Stored records
____________

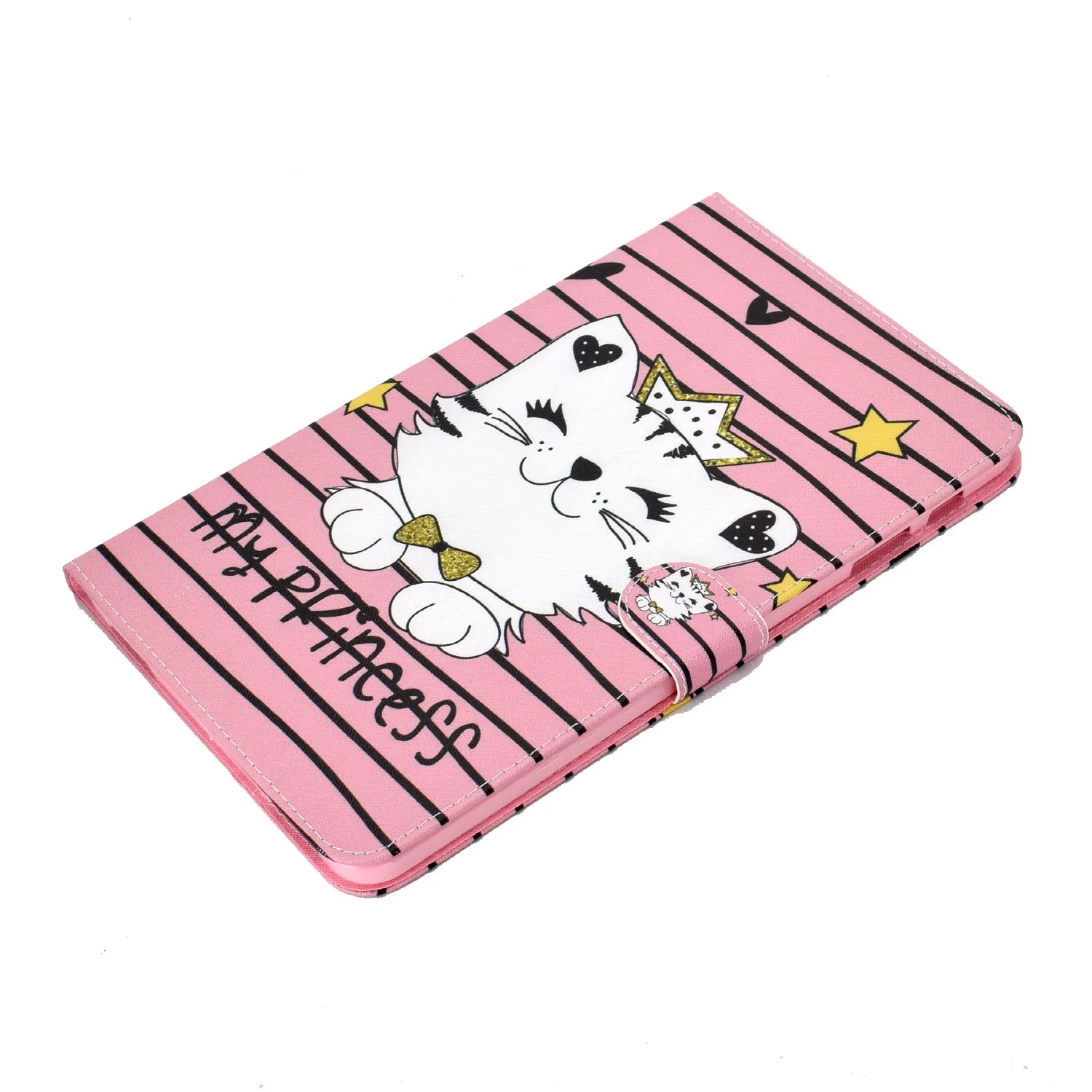 For Samsung T580 PU Laptop Protective Case with Front Snap Color Painted Smart Stay Cover  single horned horse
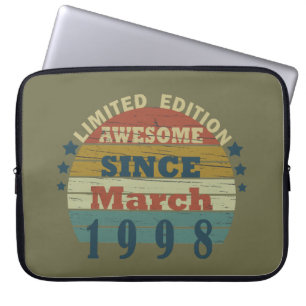 Housse Pour Ordinateur Portable né en mars 1998 anniversaire vintage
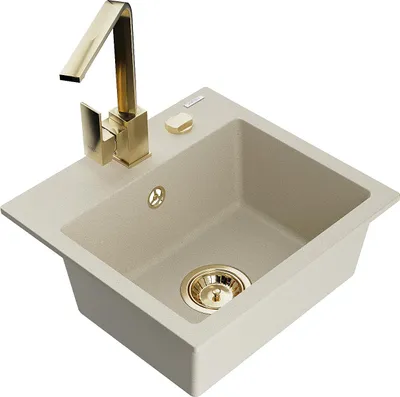Image de Mexen Milo évier 1 bac en granit avec mitigeur Rita, Beige - 6505-69-670300-50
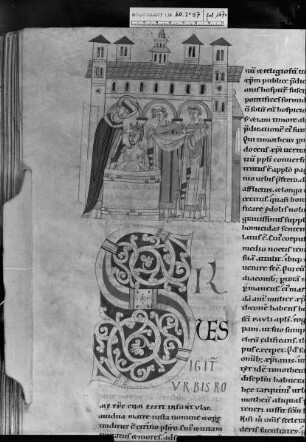 Stuttgarter Passionale — Pars hiemalis (erster Band) — Taufe Kaiser Konstantins durch Papst Silvester, Folio 167verso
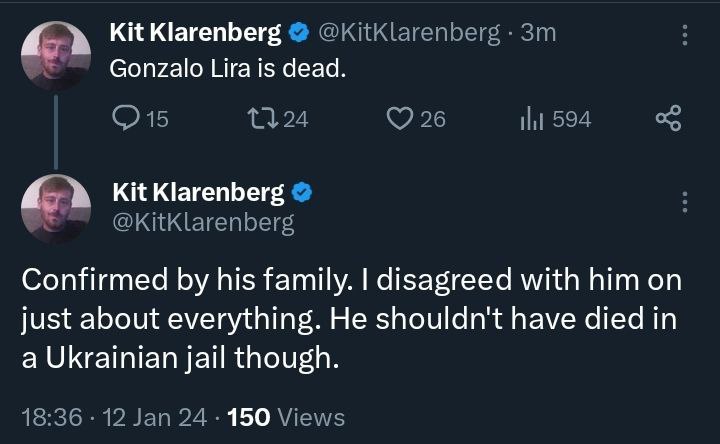 So let's be clear an American blogger,Gonzo Lira, has died in A Ukrainian prison after saying he was tortured, mistreated, and not given medical attention.  His journalism did not favor Ukraine so they arrested him and now he is DEAD!!! WHAT THE FU-CK WORLD?!! WAKE UP!!!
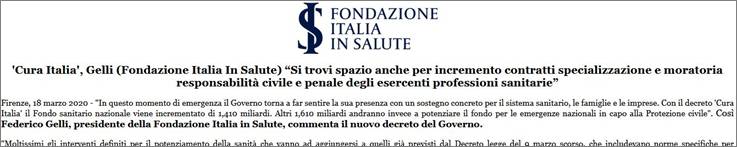 Immagine - Rif.: «'Cura Italia', Gelli (Fondazione Italia In Salute) gSi trovi spazio anche per incremento contratti specializzazione e moratoria responsabilità civile e penale degli esercenti professioni sanitarieh» [Marzo 2020 - Fondazione Italia in Salute] || www.gallitorrini.com // Estratto-cs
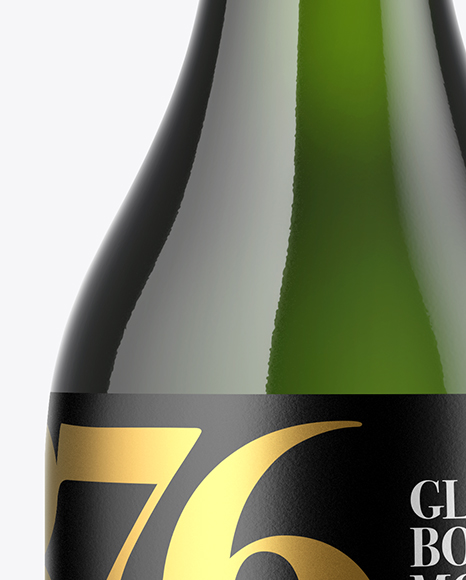 Green Glass Bottle Mockup PSD #1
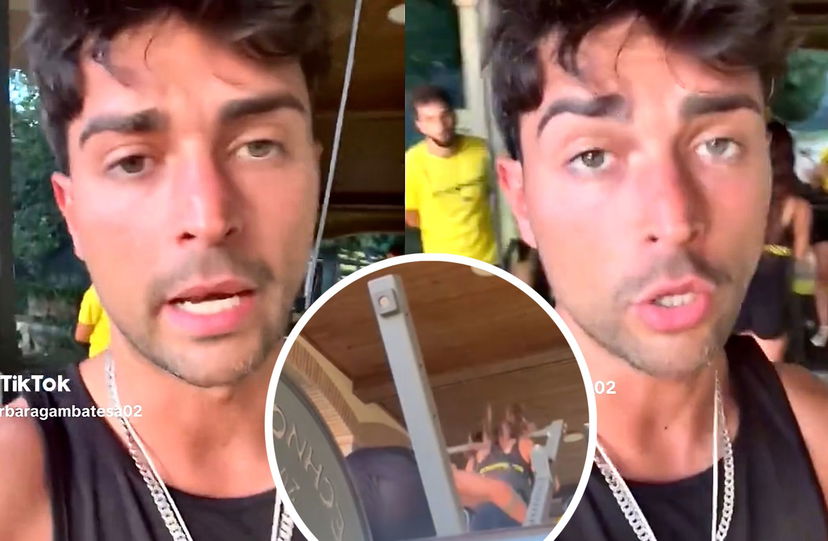 Davide Donadei fa cadere un attrezzo in testa ad una influencer, tragedia sfiorata in palestra: il video preview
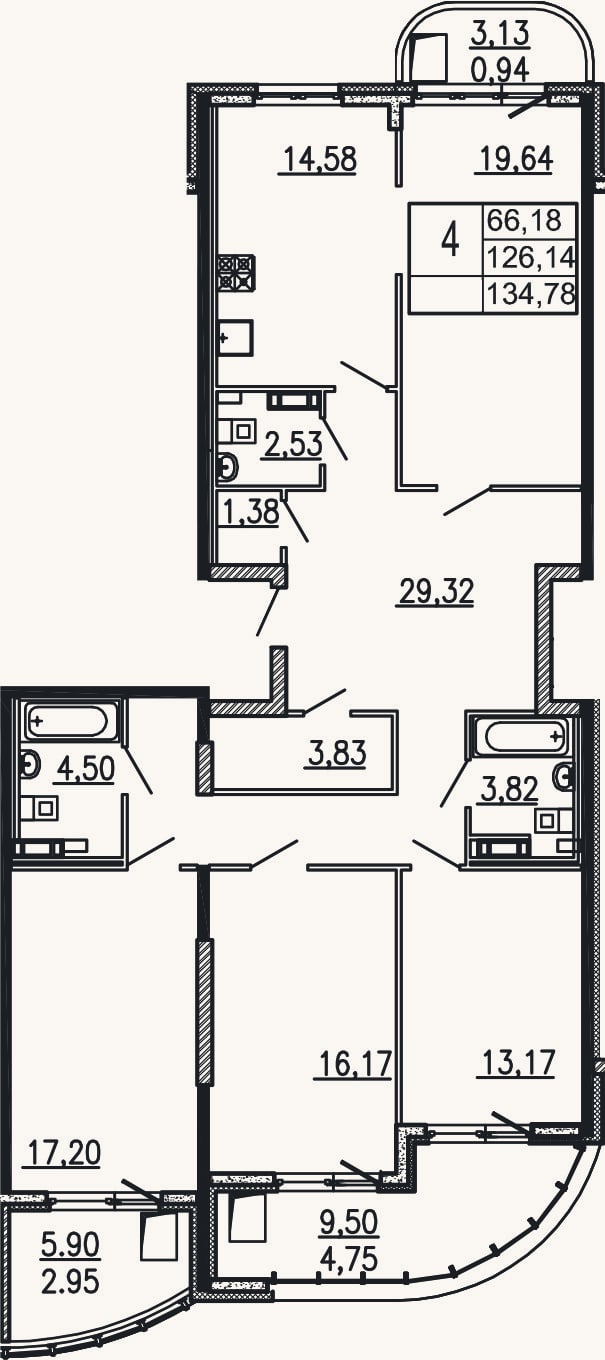 Планировка: 4+ к, 126,1 м²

____________

* [Problem description] Reproduce precisely the lines of the entries above, from the one containing "www.gallitorrini.com // Estratto-cs" through the final one, both ends included, and omit the pictures.

* [Exercise result]
 Immagine - Rif.: «'Cura Italia', Gelli (Fondazione Italia In Salute) gSi trovi spazio anche per incremento contratti specializzazione e moratoria responsabilità civile e penale degli esercenti professioni sanitarieh» [Marzo 2020 - Fondazione Italia in Salute] || www.gallitorrini.com // Estratto-cs
 Green Glass Bottle Mockup PSD #1
 Davide Donadei fa cadere un attrezzo in testa ad una influencer, tragedia sfiorata in palestra: il video preview
 Планировка: 4+ к, 126,1 м²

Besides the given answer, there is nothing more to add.